Interesting Question

The State is a condition, a certain relationship between human beings, a mode of behavior; we destroy it by contracting other relationships, by behaving differently toward one another....We are the state, and we shall continue to be the state until we have created the institutions that form a real community and society of men.

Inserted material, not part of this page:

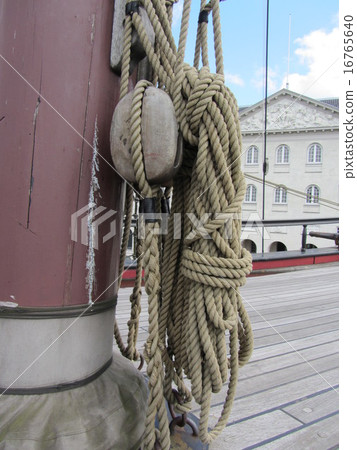 The rigging and rope details of a tall sailing ship at the scheepvaartmuseum Maritime Museum The rigging and rope details of a tall sailing ship at the scheepvaartmuseum Maritime Museum 16765640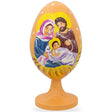 Jesus, Mary and Joseph Nativity Scene Wooden Easter Egg Figurine in Multi color, Oval shape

- Gustav Landauer, Schwache Stattsmanner, Schwacheres Volk!, June, 1910



Selected Correspondence:



12 July 2006

Truth on and off the page

The truth is not found on the page, but is a wayward sprite that bursts forth from the the readers mind for reasons of its own. I once thought that the Truth was a set comprised of all the things that were true, and the big truth could be obtained by taking all the little truth statements and evaluating them till nothing remained. I would approach my rhetorical battles as a logical reductionist, tearing down, atomisiing, proving, disproving, discarding falsehoods and reassembling truths till the Truth was pure and unarguable. But then when truth matters most, when truth is the agent of freedom, I stood before Justice and with truth, lost freedom. Here was something fantastical, you could show irrefutably that (A => B) and (B => C) and (C => D) and Justice would agree, but then, when you claimed your coup de grace, A => D irrevocably, Justice would shake its head and revoke the axiom of transitivity, for Justice will not be told. Transitivity is enabled when Justice decides for emotional reasons A => D *feels nice*. What horror, here is the truth not as a bridge, sturdy to every step, a marvel of bound planks and supports from the known into the unknown, but a surging sea of smashed wood, flotsam and drowning sailors. So first the poetic metaphor, to make the reader want to believe, then the facts, and miracle, transitivity is evoked as justification for prejudice.